Beam Streaming 管道不会将文件写入存储桶 [英] Beam streaming pipeline does not write files to bucket

查看:25
本文介绍了Beam Streaming 管道不会将文件写入存储桶的处理方法,对大家解决问题具有一定的参考价值,需要的朋友们下面随着小编来一起学习吧!

问题描述

UI 在 GCP Dataflow 上有一个 Python 流管道,可以从 PubSub 读取数千条消息,如下所示:

UI have a python streaming pipeline on GCP Dataflow that reads thousands of messages from a PubSub, like this:

    with beam.Pipeline(options=pipeline_options) as p:
      lines = p | "read" >> ReadFromPubSub(topic=str(job_options.inputTopic))
      lines = lines | "decode" >> beam.Map(decode_message)
      lines = lines | "Parse" >> beam.Map(parse_json)
      lines = lines | beam.WindowInto(beam.window.FixedWindows(1*60))
      lines = lines | "Add device id key" >> beam.Map(lambda elem: (elem.get('id'), elem))
      lines = lines | "Group by key" >> beam.GroupByKey()
      lines = lines | "Abandon key" >> beam.Map(flatten)
      lines | "WriteToAvro" >> beam.io.WriteToAvro(job_options.outputLocation, schema=schema, file_name_suffix='.avro', mime_type='application/x-avro')
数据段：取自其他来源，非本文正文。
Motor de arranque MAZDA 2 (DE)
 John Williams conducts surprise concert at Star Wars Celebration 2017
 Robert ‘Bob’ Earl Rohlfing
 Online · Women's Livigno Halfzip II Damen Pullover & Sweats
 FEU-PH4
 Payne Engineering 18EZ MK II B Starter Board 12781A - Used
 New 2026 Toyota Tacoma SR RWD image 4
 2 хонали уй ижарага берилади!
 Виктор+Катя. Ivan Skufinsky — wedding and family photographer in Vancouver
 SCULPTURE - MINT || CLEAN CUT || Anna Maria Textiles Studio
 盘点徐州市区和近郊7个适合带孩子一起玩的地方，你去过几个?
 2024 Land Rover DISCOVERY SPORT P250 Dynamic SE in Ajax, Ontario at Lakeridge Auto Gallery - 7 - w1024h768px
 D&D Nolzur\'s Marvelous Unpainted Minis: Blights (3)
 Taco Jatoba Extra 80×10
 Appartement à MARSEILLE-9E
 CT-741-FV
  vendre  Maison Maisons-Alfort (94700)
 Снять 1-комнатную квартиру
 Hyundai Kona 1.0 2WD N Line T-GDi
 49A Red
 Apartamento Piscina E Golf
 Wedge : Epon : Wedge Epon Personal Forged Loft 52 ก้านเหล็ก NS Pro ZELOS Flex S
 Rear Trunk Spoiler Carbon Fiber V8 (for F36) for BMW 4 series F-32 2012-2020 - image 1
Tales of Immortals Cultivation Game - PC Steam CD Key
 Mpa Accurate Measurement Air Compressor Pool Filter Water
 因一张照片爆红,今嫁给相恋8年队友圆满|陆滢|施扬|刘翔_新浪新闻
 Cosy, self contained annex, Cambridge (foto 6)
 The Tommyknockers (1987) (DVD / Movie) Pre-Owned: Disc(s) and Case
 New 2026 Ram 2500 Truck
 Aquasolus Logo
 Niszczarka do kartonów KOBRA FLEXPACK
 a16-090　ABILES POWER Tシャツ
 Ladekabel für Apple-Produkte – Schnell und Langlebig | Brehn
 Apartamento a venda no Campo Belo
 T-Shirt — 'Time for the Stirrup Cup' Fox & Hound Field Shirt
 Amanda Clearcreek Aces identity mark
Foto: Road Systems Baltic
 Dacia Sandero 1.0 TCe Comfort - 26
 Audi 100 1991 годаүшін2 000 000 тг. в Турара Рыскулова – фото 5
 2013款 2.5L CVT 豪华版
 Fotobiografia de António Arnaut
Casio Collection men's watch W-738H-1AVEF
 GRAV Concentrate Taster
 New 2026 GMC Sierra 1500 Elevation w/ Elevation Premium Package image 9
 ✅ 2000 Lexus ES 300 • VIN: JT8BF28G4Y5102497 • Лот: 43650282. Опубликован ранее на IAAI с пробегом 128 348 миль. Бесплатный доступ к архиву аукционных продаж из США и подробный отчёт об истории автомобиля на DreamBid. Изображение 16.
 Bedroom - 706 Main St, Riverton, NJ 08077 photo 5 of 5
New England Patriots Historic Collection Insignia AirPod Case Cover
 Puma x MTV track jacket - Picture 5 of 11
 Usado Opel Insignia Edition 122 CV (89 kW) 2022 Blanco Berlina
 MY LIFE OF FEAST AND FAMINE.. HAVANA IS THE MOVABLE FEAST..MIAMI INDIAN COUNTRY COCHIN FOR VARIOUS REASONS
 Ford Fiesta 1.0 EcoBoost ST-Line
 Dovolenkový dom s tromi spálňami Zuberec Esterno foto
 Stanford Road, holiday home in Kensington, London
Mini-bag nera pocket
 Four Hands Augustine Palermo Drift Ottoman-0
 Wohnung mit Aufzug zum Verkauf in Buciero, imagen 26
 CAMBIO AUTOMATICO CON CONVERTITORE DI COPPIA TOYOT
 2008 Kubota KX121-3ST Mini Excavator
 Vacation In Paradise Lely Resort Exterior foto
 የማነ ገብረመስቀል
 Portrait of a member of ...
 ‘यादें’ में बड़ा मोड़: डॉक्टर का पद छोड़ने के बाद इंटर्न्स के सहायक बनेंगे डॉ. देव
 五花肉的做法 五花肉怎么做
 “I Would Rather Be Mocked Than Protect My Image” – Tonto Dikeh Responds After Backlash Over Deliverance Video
管道运行得很好,只是它从不产生任何输出.任何想法为什么?

The pipeline runs just fine, except it never produces any output. Any ideas why?

推荐答案

您的代码似乎存在一些问题.首先,有一些关于 null/None(你已经修复)和 ints/floats(在评论中指出)的格式错误的数据.最后,变换不能写入无界 PCollections.有一种解决方法,您可以在其中定义一个新的 sink 并将其与 WriteToFiles 转换,能够写入无界 PCollections.

It looks like there were a few problems with your code. First, there was some badly formatted data with regards to null/None (you fixed already) and ints/floats (called out in comments). Finally, the WriteToAvro transform cannot write unbounded PCollections. There is a work-around in which you define a new sink and use that with the WriteToFiles transform which is able to write unbounded PCollections.

请注意,截至撰写本文时 (2020-06-18),此方法不适用于 Apache Beam Python SDK <= 2.23.这是因为 Python pickler 无法反序列化腌制的 Avro 模式(请参阅 BEAM-6522).在这种情况下,这会强制解决方案改用 FastAvro.如果您手动升级 dill,则可以使用 Avro到 >= 0.3.1.1 Avro 到 >= 1.9.0,但要小心,因为目前尚未测试.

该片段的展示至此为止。